Step 4 - Deploy the model as an API with Flask

I use the in-memory model created above, and create a web API around it so it can be used by mobile and web apps. I use Flask to create the API infrastructure, with one simple GET endpoint predict, that takes age as a single input value. When the container was started above in step 2, I opened port 5000 so we can access the Flask API though the web browser. I can now access the insurance cost predictor through one simple endpoint.

http://localhost:5000/predict?age=45

Remember, I said above the model works on a normalized age value, so I simply use the same scaler from step 3h we created before to scale the age.

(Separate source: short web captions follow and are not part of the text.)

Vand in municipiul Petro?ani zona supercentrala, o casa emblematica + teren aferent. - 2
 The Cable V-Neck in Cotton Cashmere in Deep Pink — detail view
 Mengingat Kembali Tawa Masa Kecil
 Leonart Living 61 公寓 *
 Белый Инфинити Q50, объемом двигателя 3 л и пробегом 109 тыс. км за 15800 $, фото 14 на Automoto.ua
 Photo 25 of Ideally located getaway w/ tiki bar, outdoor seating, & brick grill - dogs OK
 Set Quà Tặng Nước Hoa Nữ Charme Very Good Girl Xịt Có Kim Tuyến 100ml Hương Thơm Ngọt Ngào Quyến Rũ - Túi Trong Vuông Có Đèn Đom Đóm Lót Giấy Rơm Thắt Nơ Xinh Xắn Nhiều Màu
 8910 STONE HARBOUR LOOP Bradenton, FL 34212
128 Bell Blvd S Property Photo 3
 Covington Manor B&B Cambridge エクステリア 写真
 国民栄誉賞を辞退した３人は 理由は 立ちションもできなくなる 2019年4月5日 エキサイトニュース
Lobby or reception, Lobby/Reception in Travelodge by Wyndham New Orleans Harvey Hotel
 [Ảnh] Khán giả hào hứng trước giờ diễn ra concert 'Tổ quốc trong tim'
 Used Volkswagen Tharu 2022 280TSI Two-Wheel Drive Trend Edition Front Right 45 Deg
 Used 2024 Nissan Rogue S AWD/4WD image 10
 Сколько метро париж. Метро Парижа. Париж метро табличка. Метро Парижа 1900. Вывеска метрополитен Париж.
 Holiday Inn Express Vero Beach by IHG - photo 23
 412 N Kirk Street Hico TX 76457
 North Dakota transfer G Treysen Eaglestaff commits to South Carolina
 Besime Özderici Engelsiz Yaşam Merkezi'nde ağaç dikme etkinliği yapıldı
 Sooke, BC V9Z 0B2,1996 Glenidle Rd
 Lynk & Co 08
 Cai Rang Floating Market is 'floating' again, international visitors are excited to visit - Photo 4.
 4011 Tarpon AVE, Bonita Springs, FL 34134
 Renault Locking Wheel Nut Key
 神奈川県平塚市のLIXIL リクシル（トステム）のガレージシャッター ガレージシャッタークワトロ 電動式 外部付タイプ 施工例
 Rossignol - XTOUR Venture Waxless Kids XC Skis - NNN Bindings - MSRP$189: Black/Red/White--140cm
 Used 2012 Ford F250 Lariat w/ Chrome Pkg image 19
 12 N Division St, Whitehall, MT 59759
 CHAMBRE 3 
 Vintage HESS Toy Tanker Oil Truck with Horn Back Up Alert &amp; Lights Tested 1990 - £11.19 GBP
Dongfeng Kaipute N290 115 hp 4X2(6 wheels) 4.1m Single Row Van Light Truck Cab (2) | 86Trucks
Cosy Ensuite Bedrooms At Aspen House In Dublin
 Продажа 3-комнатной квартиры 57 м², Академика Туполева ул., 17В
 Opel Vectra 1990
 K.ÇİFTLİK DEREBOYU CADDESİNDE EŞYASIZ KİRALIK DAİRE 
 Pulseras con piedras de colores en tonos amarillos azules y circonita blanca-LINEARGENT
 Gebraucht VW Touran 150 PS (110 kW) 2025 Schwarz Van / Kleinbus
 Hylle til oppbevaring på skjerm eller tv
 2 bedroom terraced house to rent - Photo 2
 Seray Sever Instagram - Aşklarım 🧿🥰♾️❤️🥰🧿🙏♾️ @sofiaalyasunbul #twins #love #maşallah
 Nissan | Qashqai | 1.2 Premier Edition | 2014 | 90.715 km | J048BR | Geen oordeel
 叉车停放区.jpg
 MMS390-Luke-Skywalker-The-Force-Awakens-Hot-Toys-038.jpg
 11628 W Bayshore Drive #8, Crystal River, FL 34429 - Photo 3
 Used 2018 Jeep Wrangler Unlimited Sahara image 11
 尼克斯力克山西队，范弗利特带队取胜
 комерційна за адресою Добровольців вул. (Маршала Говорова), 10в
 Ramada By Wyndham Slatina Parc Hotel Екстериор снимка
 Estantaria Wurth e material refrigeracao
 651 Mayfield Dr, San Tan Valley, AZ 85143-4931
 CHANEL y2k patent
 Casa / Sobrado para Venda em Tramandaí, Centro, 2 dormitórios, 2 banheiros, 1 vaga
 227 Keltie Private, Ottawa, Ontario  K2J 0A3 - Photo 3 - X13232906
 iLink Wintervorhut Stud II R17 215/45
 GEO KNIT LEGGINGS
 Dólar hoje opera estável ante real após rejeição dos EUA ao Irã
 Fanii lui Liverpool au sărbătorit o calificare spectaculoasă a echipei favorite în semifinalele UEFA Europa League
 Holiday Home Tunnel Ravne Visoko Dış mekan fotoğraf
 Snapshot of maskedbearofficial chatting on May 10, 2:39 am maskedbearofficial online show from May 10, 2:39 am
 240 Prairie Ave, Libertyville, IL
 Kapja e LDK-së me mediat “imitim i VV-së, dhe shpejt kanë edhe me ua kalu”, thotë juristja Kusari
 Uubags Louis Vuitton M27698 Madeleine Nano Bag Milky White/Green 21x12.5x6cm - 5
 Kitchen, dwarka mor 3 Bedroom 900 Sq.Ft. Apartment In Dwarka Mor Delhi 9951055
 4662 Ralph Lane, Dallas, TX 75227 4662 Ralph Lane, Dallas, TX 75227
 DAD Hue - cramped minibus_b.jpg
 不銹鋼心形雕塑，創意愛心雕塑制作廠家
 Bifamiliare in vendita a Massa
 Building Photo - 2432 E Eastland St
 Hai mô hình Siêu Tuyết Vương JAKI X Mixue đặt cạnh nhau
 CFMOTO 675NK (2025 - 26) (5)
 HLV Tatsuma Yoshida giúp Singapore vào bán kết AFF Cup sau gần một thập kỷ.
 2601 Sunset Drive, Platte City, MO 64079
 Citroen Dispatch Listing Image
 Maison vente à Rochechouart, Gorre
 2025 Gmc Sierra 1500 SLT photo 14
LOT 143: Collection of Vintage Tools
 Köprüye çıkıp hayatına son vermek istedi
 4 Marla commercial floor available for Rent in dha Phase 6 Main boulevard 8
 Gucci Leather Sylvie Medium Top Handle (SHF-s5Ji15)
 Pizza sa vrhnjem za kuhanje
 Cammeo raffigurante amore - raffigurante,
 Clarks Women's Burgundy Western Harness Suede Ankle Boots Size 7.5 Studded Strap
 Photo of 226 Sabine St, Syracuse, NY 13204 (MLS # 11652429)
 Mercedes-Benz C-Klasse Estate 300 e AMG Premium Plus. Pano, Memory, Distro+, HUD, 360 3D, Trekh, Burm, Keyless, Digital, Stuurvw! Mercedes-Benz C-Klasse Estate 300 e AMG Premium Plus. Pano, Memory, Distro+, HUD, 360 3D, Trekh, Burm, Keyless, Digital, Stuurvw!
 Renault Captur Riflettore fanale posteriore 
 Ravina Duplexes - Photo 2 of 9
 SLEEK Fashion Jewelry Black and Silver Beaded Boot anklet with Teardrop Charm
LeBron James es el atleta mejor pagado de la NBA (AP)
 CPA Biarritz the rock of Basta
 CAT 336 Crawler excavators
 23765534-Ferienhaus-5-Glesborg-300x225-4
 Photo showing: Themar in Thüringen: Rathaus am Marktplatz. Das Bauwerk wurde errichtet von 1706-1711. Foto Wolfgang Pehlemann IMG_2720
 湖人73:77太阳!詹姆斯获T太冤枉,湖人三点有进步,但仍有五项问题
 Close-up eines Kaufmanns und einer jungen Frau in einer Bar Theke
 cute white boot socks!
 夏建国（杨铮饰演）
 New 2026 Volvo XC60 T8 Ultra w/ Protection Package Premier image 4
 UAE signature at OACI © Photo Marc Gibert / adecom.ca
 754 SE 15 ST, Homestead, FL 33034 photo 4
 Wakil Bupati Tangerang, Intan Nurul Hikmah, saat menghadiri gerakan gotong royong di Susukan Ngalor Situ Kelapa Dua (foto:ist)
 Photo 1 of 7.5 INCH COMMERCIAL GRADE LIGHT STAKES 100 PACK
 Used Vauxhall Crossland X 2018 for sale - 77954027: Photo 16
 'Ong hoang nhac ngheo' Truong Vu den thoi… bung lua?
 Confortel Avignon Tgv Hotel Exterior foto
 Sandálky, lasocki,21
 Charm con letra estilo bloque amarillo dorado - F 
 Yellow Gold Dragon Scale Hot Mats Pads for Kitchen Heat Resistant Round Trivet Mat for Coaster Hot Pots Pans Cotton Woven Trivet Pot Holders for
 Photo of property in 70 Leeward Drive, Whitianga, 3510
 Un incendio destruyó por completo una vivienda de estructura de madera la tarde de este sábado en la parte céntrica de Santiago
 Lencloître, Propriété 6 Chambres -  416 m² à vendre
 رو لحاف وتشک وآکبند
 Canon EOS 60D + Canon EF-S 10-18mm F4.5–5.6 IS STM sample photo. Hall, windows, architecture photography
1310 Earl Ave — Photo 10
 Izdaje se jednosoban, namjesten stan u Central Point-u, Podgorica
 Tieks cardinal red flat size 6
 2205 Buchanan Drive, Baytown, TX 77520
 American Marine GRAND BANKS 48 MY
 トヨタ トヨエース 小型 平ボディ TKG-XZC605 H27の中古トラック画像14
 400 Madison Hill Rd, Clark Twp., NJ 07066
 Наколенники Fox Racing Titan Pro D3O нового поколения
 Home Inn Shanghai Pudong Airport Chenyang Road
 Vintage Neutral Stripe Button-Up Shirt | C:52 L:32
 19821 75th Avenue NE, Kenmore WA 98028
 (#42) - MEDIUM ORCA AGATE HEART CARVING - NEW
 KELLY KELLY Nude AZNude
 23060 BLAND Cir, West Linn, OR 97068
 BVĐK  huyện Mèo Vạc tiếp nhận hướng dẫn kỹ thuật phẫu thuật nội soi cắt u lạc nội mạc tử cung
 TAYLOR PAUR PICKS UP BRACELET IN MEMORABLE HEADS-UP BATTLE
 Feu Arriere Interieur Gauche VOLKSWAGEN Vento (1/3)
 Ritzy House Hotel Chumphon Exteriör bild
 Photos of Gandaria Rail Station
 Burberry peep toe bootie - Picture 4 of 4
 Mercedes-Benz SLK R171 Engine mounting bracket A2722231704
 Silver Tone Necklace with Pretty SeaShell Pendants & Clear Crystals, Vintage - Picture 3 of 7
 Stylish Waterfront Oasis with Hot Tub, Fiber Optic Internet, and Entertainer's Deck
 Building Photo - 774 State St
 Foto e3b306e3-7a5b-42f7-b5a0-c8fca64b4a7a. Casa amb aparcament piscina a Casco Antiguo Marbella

scaler_input_array = np.array([[age,0]]) 
scaled_age = mm_scaler.transform(scaler_input_array)[0][0] 
cost_prediction = model.predict([scaled_age])[0][0]  

I then pass the normalized age to the model predictor and return the insurance cost in the HTTP response.



If you run into problems

I like testing examples in an isolated container because it provides a nice clean workspace with known dependencies. If you’re following along with this ‘Hello World’ example and you run into difficulties, you can simply hit reset and start again from a known state. The container can be restarted by running the cleanup commands:

docker kill fmctensorflow
docker rm fmctensorflow

You can then restart the container using the commands in step 2.